COLLECTED DATA below:

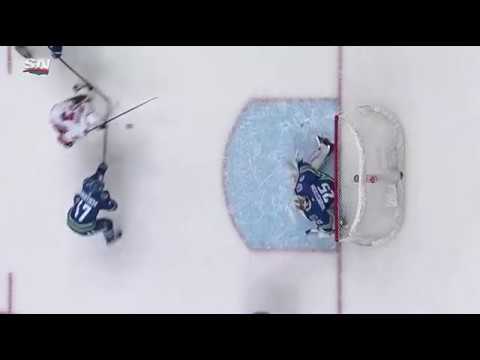 Sean Monahan Goal vs Vancouver Oct 3, 2018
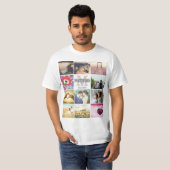 Eigen monogrammen afbeeldingen t-shirt (Voorkant volledig)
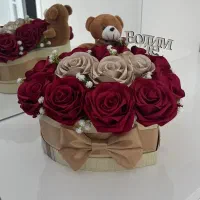 گل روبانی|گل مصنوعی|ارومیه, |دیوار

End of COLLECTED DATA.

HOW TO COMPLETE THIS TASK:
Print, please, exactly the lines from the one holding "Eigen monogrammen afbeeldingen" through the final line of the data, both included, while leaving out each picture.

EXPECTED ANSWER:
 Eigen monogrammen afbeeldingen t-shirt (Voorkant volledig)
 گل روبانی|گل مصنوعی|ارومیه, |دیوار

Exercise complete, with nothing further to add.